This eggplant cherry tomato pasta is a spin of the Italian classic “Pasta alla Norma”. It is one of my favourite ways to cook eggplant and even eggplant skeptics will love this dish! Enjoy as an easy and healthy weeknight dinner, and see notes for making this eggplant tomato pasta dish oil-free.
Prep time: 5-10 minutes
Cook time: 25 minutes
Servings: 2
Ingredients
- 1 eggplant
- 1 tbsp olive oil (+ more for frying)
- 1 tsp salt, divided
- 1 onion
- 3-5 cloves of garlic, peeled and minced
- Large handful of cherry tomatoes, halved
- 1 tbsp Italian spice blend
- 3 tbsp tomato paste
- 1 1/4 cups water
- 1/2 cup white wine
- 220-250g pasta (or gluten-free pasta)
- Fresh parsley and/or basil
Equipment
- Frying pan
- Pot
- Baking sheet
Instructions
- Preheat oven to 400F.
- Cut the eggplant into 3/4 inch thick slices, then cubes. Add to a mixing bowl with 1/2 tsp salt and olive oil and mix well, then toss onto a lined baking sheet and roast for 20-25 minutes until golden (but not brown!).

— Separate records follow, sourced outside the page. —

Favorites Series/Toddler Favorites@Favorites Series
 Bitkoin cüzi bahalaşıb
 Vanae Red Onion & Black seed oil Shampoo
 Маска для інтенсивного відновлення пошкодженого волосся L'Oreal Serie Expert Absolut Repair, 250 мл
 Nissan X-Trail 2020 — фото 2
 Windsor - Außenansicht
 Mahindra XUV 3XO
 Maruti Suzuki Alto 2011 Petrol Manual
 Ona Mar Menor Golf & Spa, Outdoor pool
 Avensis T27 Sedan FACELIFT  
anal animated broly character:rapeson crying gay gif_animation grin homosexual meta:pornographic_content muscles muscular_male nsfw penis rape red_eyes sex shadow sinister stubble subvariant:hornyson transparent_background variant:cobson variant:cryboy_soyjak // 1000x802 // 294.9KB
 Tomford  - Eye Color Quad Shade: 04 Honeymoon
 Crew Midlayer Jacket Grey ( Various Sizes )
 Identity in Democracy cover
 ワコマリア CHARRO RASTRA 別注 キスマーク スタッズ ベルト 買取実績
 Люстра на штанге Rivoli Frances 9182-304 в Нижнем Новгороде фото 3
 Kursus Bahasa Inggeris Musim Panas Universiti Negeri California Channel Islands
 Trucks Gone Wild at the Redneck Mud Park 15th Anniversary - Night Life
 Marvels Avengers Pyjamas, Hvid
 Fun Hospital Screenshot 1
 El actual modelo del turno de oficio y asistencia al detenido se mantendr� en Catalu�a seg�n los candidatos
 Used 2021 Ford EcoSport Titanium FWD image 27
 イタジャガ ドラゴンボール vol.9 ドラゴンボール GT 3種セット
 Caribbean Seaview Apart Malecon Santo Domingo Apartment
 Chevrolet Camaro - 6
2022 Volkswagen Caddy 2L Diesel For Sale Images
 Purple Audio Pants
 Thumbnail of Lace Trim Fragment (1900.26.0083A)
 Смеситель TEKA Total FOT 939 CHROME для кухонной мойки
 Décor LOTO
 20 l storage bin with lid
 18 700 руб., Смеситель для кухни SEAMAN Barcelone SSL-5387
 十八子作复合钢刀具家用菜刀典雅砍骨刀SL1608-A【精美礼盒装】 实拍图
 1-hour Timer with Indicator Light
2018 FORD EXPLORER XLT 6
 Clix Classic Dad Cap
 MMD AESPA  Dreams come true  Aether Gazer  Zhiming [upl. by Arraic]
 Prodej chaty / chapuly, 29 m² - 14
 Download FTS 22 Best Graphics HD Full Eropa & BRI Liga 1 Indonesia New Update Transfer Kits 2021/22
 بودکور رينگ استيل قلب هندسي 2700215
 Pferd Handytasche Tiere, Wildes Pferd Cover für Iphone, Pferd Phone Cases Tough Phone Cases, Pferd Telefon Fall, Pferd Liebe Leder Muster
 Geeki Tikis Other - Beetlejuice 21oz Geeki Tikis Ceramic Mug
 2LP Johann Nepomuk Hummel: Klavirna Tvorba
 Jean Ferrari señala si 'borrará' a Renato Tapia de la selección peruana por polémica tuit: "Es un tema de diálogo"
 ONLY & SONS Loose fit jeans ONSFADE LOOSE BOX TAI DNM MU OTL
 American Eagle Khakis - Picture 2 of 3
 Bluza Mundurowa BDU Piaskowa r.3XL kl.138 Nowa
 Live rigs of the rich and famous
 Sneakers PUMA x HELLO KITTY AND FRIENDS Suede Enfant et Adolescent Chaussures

- Add water to a pot and boil for pasta.
- Dice an onion then add to a large frying pan with olive oil on medium heat. Stir occasionally, until translucent. Add minced garlic then halved cherry tomatoes and 1/2 tsp salt.
- Once the cherry tomatoes have cooked down a bit, add tomato paste, water and wine. Bring up to medium-high heat and let simmer for 10-15 minutes until the sauce thickens. Add in Italian spice blend and fresh herbs, then taste and add more salt if needed.
- Once the eggplant is done, mix into the sauce.
- Mix in the cooked pasta, top with more fresh parsley/basil and enjoy!
Notes
*For an oil-free version, simply roast the eggplant without olive oil. When frying onions, use a non-stick frying pan and fry in a little bit of water or vegetable stock.